As an ex-corporate employee I’ll be the first to admit that I was one of the biggest cynics when the HR department would request my presence to discuss wellness. I always thought of it as a way for them to tick objectives rather than truly caring about their employees.

Now that the tables have turned and I’m part of the health & fitness industry, I currently look at what wellness means for companies and the types of services offered to them to promote wellness to their employees. In my training and own personal research I have found the benefits to wellness are extensive including, increasing creativity, helping to maintain high energy levels and managing health goals. There are a multitude of courses and training available to address all aspects of wellness from, stress to anxiety to sleep issues.

As a personal trainer I help companies predominantly in the physical health aspect of the wellness. Although my role extends well into areas such as time management, goal-setting, improving self-confidence and mental health, as these are all things that interest me and what I believe to be an important part of wellness and maintaining your fitness goals. Sport and fitness have been a big part of life, in my younger working days it was mostly football and now I’m aiming to make the GB age group for triathlon.

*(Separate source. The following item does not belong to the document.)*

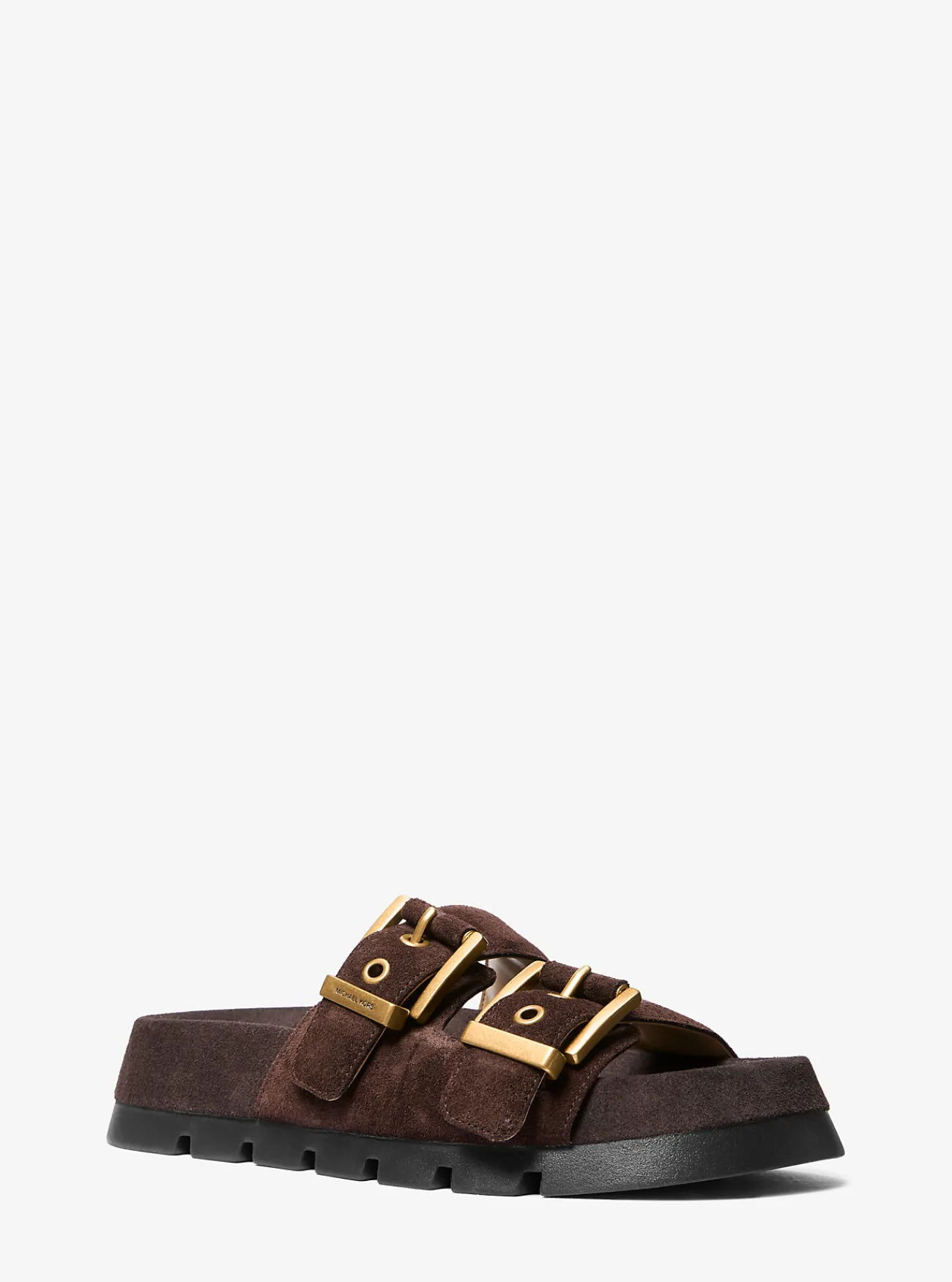 Michael Kors Platte sandaal Colby van su&egrave;de CHOCOLADE Hot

I was keen to contemplate how my physical health influenced my work life. In my 18 years of work, mainly in IT sales, my personal attendance record was very strong and I regularly (and probably annoyingly!) reminded my colleagues that at my first ever job out of uni that I had only had time off for a punctured lung and a ½ day at that! I believe my own fitness helped me to be a more productive employee, happier person and reduced days I spent ill. This leads me on to an article I recently read by Julie Boehlke where she looks at four ways that exercise helps to improve work productivity.

Benefits of exercises:

  1. Alertness & Energy Levels
  2. Optimum Physical Health
  3. Improving Mental Health
  4. Preventing Illness

I don’t believe companies are ignoring the impact of exercise on work productivity. As many companies offer some sort of wellness benefit to their employees. This is often through a subsidised gym membership (which I’m not knocking). In some cases this would improve exercise levels, but for many they might join the gym and never use it. I recall vividly a conversation with a former boss, and her telling me she was ‘Off for her annual £1,000 swim!’

How can companies help their employees?

What I do think is that companies could improve their methods to get employees to fit in fitness. My question to companies is how as an employer or line manager can you encourage your employees to make wellness a priority? Could you encourage lunch time running clubs or maybe you could sponsor a five a side football pitch? Possibly you could put in a policy that allows employees an extra 30 minutes at lunch if they prove they have been at the gym or doing sport. The majority of work premise have some sort of showering facilities and others in a managed business park have un-used empty space which can be maximised for various types of exercise. Whether this is subsidised or funded completely by the company or policies are changed is not for me to say, but the evidence suggests that physical exercise has a huge benefits for the worker and the company.